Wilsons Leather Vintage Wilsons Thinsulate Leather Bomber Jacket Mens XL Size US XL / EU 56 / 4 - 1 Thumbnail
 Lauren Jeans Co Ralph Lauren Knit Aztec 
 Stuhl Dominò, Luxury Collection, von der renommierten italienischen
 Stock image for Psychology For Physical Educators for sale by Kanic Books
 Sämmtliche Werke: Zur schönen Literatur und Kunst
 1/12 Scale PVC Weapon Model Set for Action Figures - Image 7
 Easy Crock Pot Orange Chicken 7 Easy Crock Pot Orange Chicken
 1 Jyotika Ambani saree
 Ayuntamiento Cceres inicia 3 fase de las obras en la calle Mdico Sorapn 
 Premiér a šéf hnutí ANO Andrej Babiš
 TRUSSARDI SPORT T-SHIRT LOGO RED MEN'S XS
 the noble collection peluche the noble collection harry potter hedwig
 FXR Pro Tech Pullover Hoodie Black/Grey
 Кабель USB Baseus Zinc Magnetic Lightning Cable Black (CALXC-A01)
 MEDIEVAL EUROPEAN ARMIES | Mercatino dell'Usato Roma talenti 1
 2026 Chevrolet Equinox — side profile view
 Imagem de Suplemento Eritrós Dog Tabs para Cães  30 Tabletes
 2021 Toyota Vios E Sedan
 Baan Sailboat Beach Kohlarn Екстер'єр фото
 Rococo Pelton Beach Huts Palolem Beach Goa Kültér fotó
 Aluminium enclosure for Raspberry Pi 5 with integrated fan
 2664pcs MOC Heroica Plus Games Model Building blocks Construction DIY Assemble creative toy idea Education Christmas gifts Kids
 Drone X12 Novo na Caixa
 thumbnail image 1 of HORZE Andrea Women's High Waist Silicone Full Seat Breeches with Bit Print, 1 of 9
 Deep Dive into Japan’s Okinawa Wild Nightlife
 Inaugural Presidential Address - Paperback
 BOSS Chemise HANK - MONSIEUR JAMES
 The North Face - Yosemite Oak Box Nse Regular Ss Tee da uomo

================================

→ ASSIGNMENT:
For this exercise, retype each entry from above exactly as it stands.

→ WRITTEN SOLUTION:
Wilsons Leather Vintage Wilsons Thinsulate Leather Bomber Jacket Mens XL Size US XL / EU 56 / 4 - 1 Thumbnail
 Lauren Jeans Co Ralph Lauren Knit Aztec 
 Stuhl Dominò, Luxury Collection, von der renommierten italienischen
 Stock image for Psychology For Physical Educators for sale by Kanic Books
 Sämmtliche Werke: Zur schönen Literatur und Kunst
 1/12 Scale PVC Weapon Model Set for Action Figures - Image 7
 Easy Crock Pot Orange Chicken 7 Easy Crock Pot Orange Chicken
 1 Jyotika Ambani saree
 Ayuntamiento Cceres inicia 3 fase de las obras en la calle Mdico Sorapn 
 Premiér a šéf hnutí ANO Andrej Babiš
 TRUSSARDI SPORT T-SHIRT LOGO RED MEN'S XS
 the noble collection peluche the noble collection harry potter hedwig
 FXR Pro Tech Pullover Hoodie Black/Grey
 Кабель USB Baseus Zinc Magnetic Lightning Cable Black (CALXC-A01)
 MEDIEVAL EUROPEAN ARMIES | Mercatino dell'Usato Roma talenti 1
 2026 Chevrolet Equinox — side profile view
 Imagem de Suplemento Eritrós Dog Tabs para Cães  30 Tabletes
 2021 Toyota Vios E Sedan
 Baan Sailboat Beach Kohlarn Екстер'єр фото
 Rococo Pelton Beach Huts Palolem Beach Goa Kültér fotó
 Aluminium enclosure for Raspberry Pi 5 with integrated fan
 2664pcs MOC Heroica Plus Games Model Building blocks Construction DIY Assemble creative toy idea Education Christmas gifts Kids
 Drone X12 Novo na Caixa
 thumbnail image 1 of HORZE Andrea Women's High Waist Silicone Full Seat Breeches with Bit Print, 1 of 9
 Deep Dive into Japan’s Okinawa Wild Nightlife
 Inaugural Presidential Address - Paperback
 BOSS Chemise HANK - MONSIEUR JAMES
 The North Face - Yosemite Oak Box Nse Regular Ss Tee da uomo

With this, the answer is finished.